Guillaume Chieusse, ODDO BHF AM

2 minutes de lecture

Pour faire avancer la «Green Tech» en Europe, il faudrait environ 50 milliards d'euros de subventions par an.

© Keystone

L'Inflation Reduction Act (IRA) est une loi américaine promulguée en août 2022, visant à lutter contre l'inflation en investissant dans la production d'énergie domestique tout en promouvant l'énergie propre. En effet, après avoir été longuement critiqués pour leur inaction, les Etats-Unis ambitionnent de prendre la tête de la lutte contre le réchauffement climatique, en réduisant leurs émissions carbones de 40% d’ici 2030 par rapport au niveau de 2005. Au programme, près de 400 milliards de dollars d’incitations fiscales à la production d’énergie verte, ciblant particulièrement les véhicules électriques, les panneaux solaires et le stockage. Cependant, de telles incitations risquent de mettre à mal la compétitivité européenne des technologies vertes, provoquant une réponse immédiate de la Commission Européenne que l’on pourrait qualifier d’IRA Européenne.

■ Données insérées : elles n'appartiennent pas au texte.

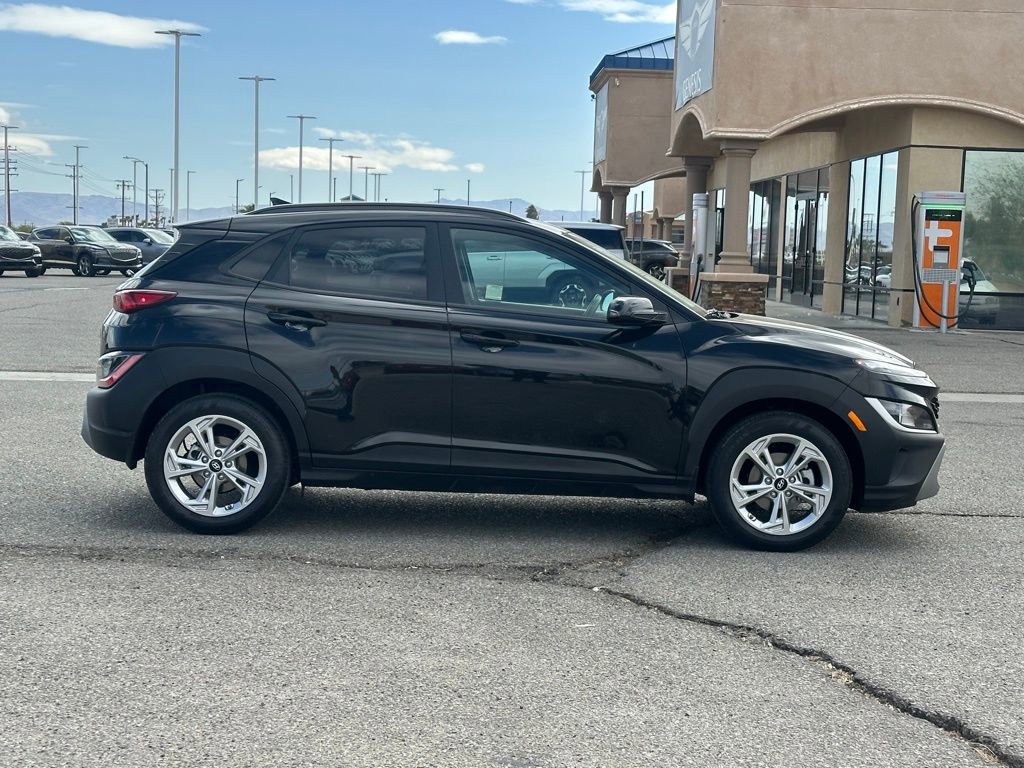 Used 2022 Hyundai Kona SEL w/ Cargo Package image 7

L’ampleur mais aussi la rapidité de la mise en place de l’IRA aux États-Unis est à juste titre perçue comme une mesure protectionniste de la part des États-Unis par l’Europe. Face à des telles initiatives il faut s’attendre à une réaction comparable venant des autorités européennes afin que la zone reste compétitive et maintienne son avance relative. Pour faire avancer la «Green Tech» en Europe, il faudrait environ 50 milliards d'euros de subventions par an.

Quatre axes pour réponse

Le «Net-Zero Industry Act» qui vise à ce que l’Europe couvre localement 40% de ses besoins en technologies propres (panneaux solaires, électrolyseurs, turbines pour éoliennes). Ce plan, actuellement examiné par le Parlement, permettrait une simplification et une accélération des obtentions de permis industriels «verts» (solaire, éolien, géothermie, biogaz, stockage). Il vise également à faciliter leurs financements, et formalise la prise en compte de critères environnementaux au sein des appels d’offres publics.

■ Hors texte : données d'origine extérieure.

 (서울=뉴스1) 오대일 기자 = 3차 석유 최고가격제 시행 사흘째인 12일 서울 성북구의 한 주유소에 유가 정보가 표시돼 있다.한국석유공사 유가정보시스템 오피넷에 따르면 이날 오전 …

Le «Critical Raw Materials Act» vise à sécuriser les approvisionnements en matières premières critiques (nickel, cobalt, cuivre). Le but est de s’affranchir de toute dépendance en matière première, avec pour objectif 2030: 10% d’extraction locale, 40% de production locale, et une dépendance maximale de 65% vis-à-vis des importations d’un seul pays tiers. Ce dernier seuil est significatif, quand on sait que l’Europe dépend actuellement à 97% de la Chine pour ses besoins en magnésium.

Le plan «Electricity Market Design» qui vise à réformer la conception du marché de l’électricité de l’UE, pour motiver l’utilisation des énergies renouvelables et l’abandon progressif du gaz. Il encourage notamment les contrats long terme pour garantir la stabilité des prix.

La création d’une «Banque Européenne de l’Hydrogène»: un acteur de mise en relation des producteurs et clients d’hydrogène «vert». Son principe consiste en la mise en enchère d’hydrogène, en garantissant de couvrir la différence entre le prix d’achat et le coût de production. Ce plan propose un objectif de 10 millions de tonnes d’hydrogène renouvelable par an dans l’UE d’ici 2030.

Le secteur des énergies renouvelables est logiquement un bénéficiaire direct de ces futures directives européennes. Cette tendance sera probablement encore revue plusieurs fois à la hausse, à mesure que les états membres de l’UE déploieront leurs propres aides locales.

Un exemple d’initiative européenne

Les objectifs de l'UE en matière de batteries sont plus modestes que prévus et les subventions restent floues par rapport à celles des États-Unis. Toutefois, une aide au niveau de l'État est très probable, au moins pour les investissements dans les batteries, ce qui aidera les équipementiers nationaux à lutter contre les importations en provenance des États-Unis et de Chine. En fin de compte, la baisse des coûts se répercutera sur les prix des véhicules électriques, ce qui exercera également une pression pour les producteurs européens mais qui permettra une meilleure adoption de cette mobilité plus douce.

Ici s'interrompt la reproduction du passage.